Smoker’s Dissonance
Cigarettes are like flares. I light them hoping someone else will be drawn to my light. But flares burn red and quick, signaling distress. People swerve to give a wide berth to flares while I fill with longing for intimacy because that’s what my addiction to “social smoking” was built upon—a desire for something meaningful, no matter how fleeting and no matter the cost.
But in a ruminating mind, I am not given the gift of simply smoking and yearning, because Shame is standing nearby to take the wind out of my sails harder than any American Spirit ever could. How is that self-loathing worth it? That’s the nature of addiction—cognitive dissonance doesn’t cancel out craving, the mental simulacrum of need.

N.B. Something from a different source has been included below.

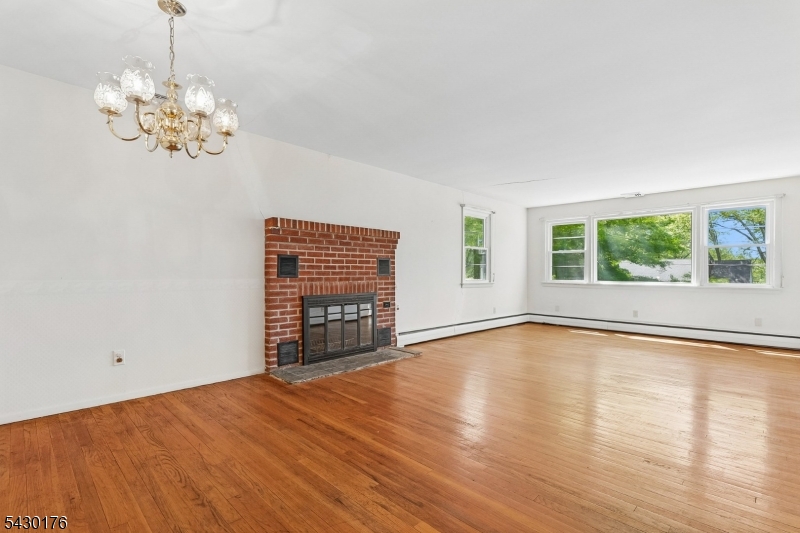 59 Stella Dr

On this particular evening, I light a cigarette on the small stoop of my apartment. The breeze blows the smoke back into my house, so I decide to put on some slippers and walk along my block. I suddenly recall a billboard I saw recently admonishing big tobacco. It’s two images of the same little boy side by side. One image of him is clear and bright and says, “We see a dreamer,” the other is more blurry through a yellowed filter and says, “Tobacco companies see a customer,” or something along those lines. I get the message is targeted toward children’s futures, but I’m still affected by the suggestion that dreamers and smokers are mutually exclusive.
When I walk back into my house and smell the stale smoke on myself something curdles inside of me. It’s the loneliness. What if you lit a flare, but help never came? You just watched it burn out as things got dark again.
It’s not that cigarettes make me feel hopeful, but that they feel like rolling the dice, a moment where I’m taking a little off the end, just to see if it’s possible to have a meaningful now. Some people claim they don’t understand vice, as if they’ve lived a life of purity and self-discipline. No one’s perfect. But when I smoke a cigarette my imperfection coils around me like a boa constrictor and no one comes to light my fire.